Preferred Qualifications: The most competitive candidates will have: 1) an innovative vision for a 21st-century, university-based contract archaeology facility; 2) strong executive skills and leadership experience; 3) exceptional interpersonal skills that enable them to work effectively with diverse office personnel, academic units, university administration, government agencies, and external constituencies; 4) a record of scholarship and research; 5) a willingness to pursue research in Texas and adjacent regions, (Texas experience preferred); a PhD in a related field.
About The University of Texas at San Antonio
Some of the most pressing issues of our time concern the complex relationships between people and the environment, and UTSA’s Department of Anthropology is committed to understanding them. From Texas to Africa to the Island Pacific, our program is generating essential knowledge about a changing planet. Our faculty members direct extensive research projects, and they publish regularly in top-ranking journals. Our graduate students have a proven record of securing prestigious grants for field research. Our recent Ph.D.s have attained prominent postdoctoral fellowships, tenure-track professorships, and applied positions outside the academy, and they have won national awards for their dissertations.
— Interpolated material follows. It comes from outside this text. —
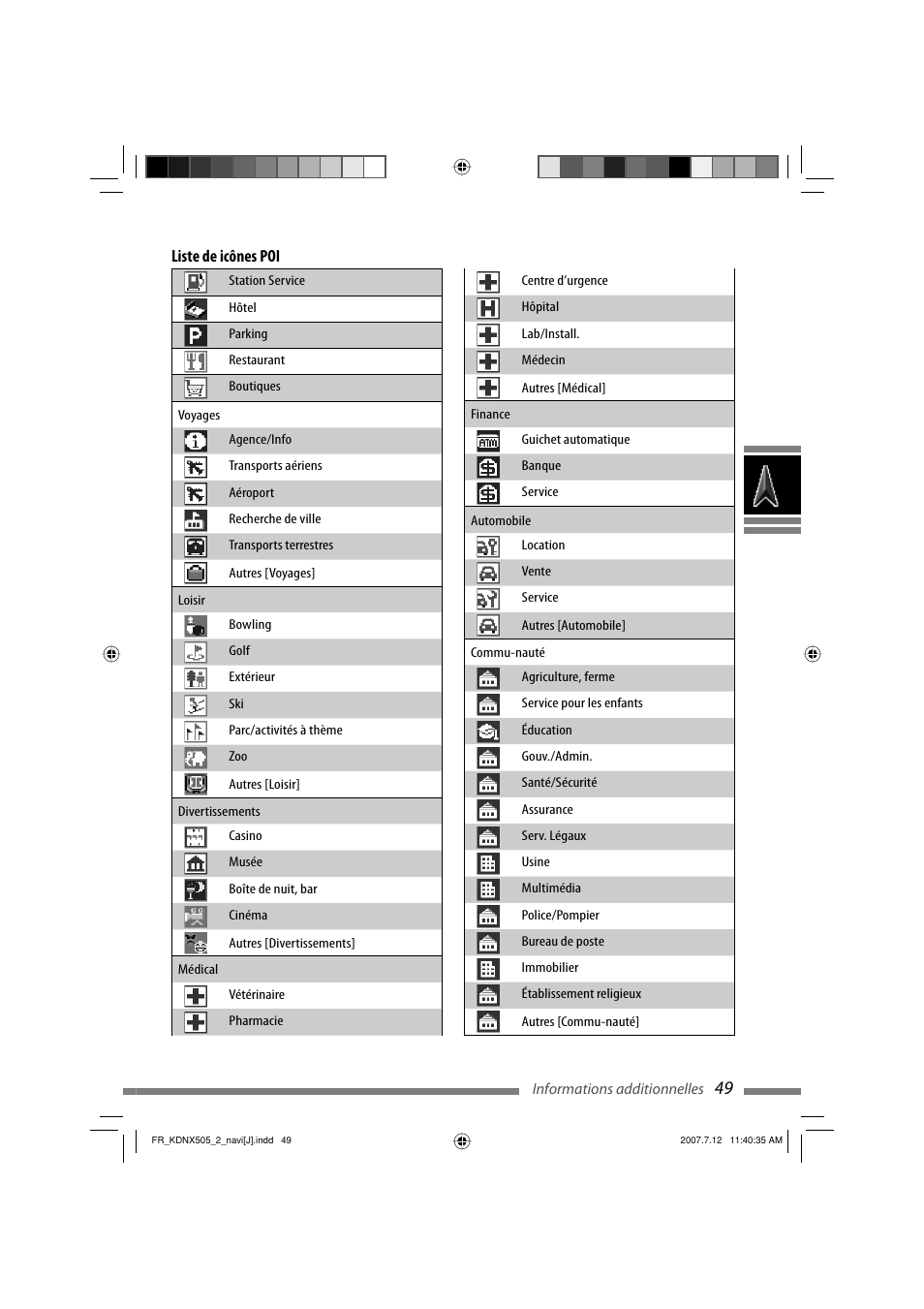 JVC KD-NXD505J User Manual | Page 285 / 357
We are part of an emerging research university with an ambitious vision focused on environmental issues, and we share its mission of producing knowledge that is intellectually innovative and practically relevant.
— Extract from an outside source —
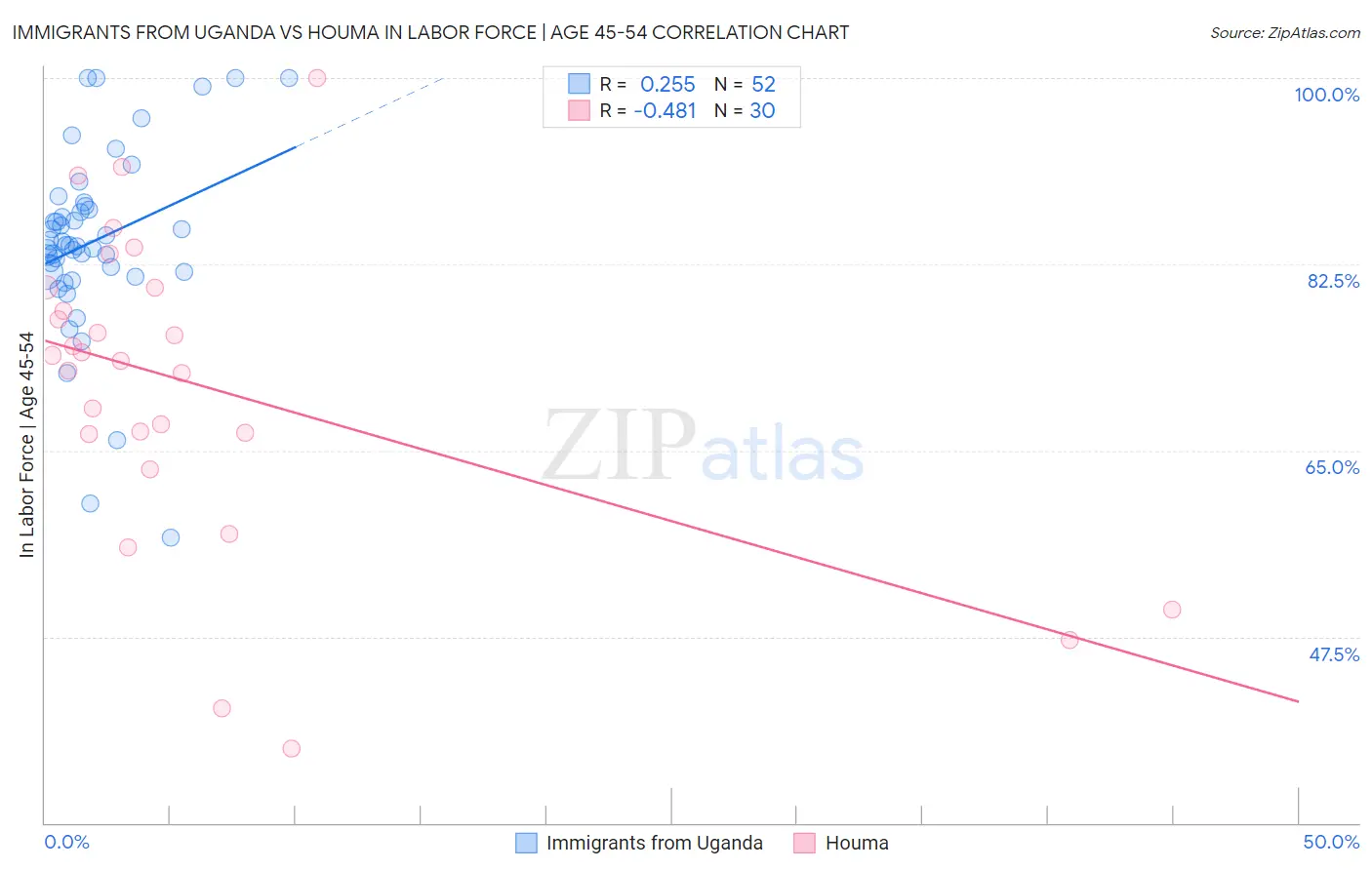 Immigrants from Uganda vs Houma In Labor Force | Age 45-54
As a social and biological science, anthropology embraces a broad view of humanity according to the methods and topics of its four subfields: cultural anthropology (the study of people as social and cultural beings, whether in small-scale societies or complex global organization...s); linguistic anthropology (the study of language use and linguistic diversity in social life); archaeology (the study of social and cultural life through material remains, from a long-term historical perspective); and biological anthropology (the study of human and nonhuman primate evolution, the biology and diversity of living human populations, and the behavior and ecology of non-human primates). The UTSA Department of Anthropology offers a major and minor at the undergraduate level and MA and Ph.D. degrees at the graduate level. We support our graduate students with fellowships, scholarships, hourly appointments, and research and travel grants.
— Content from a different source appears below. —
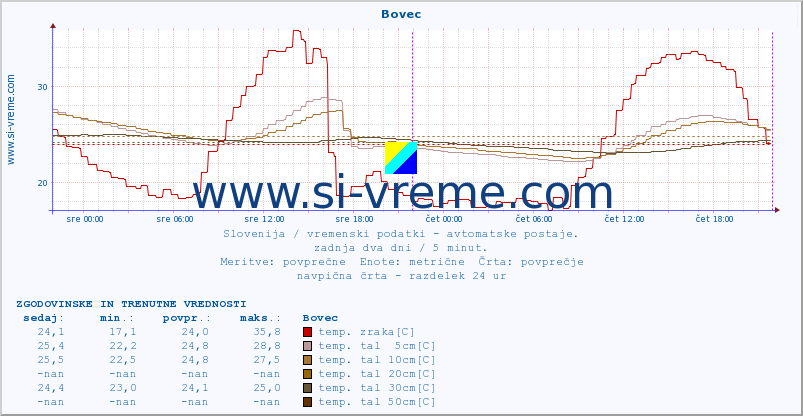 POVPREČJE :: Bovec :: temp. zraka | vlaga | smer vetra | hitrost vetra | sunki vetra | tlak | padavine | sonce | temp. tal  5cm | temp. tal 10cm | temp. tal 20cm | temp. tal 30cm | temp. tal 50cm :: zadnja dva dni / 5 minut.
Our doctoral program couples a focus on environmental anthropology with a broad education across anthropology’s sub-fields. It provides advanced training in political and cultural ecology, environmental and landscape archaeology, science and technology studies, medical anthropology, primate behavior, evolution, ecology, and conservation, evolutionary medicine, human biology, and global health. Faculty research specialties include: archaeology of the Maya lowlands and Andean South America; archaeology of Texas, the American Southwest, and Northwest Mexico; primate behavioral ecology in Southeast Asia; primate conservation ecology and genetics in Africa and Madagascar; ethnoprimatology in the Caribbean, South Africa, and Asia; resource management practices and human-animal relations in the Island Pacific; environmental politics, resource extraction, water scarcity, and ecological contamination in North and South America; coastal political ecology and the making of environmental markets in Belize and the United States; the cultural anthropology of Texas and the Plains; ethnography and applied anthropology of Mexico and the United States; medical anthropology of the US-Mexico border region and the Circumpolar North; evolutionary physiology and ecological immunology; and conservation medicine/One Health issues.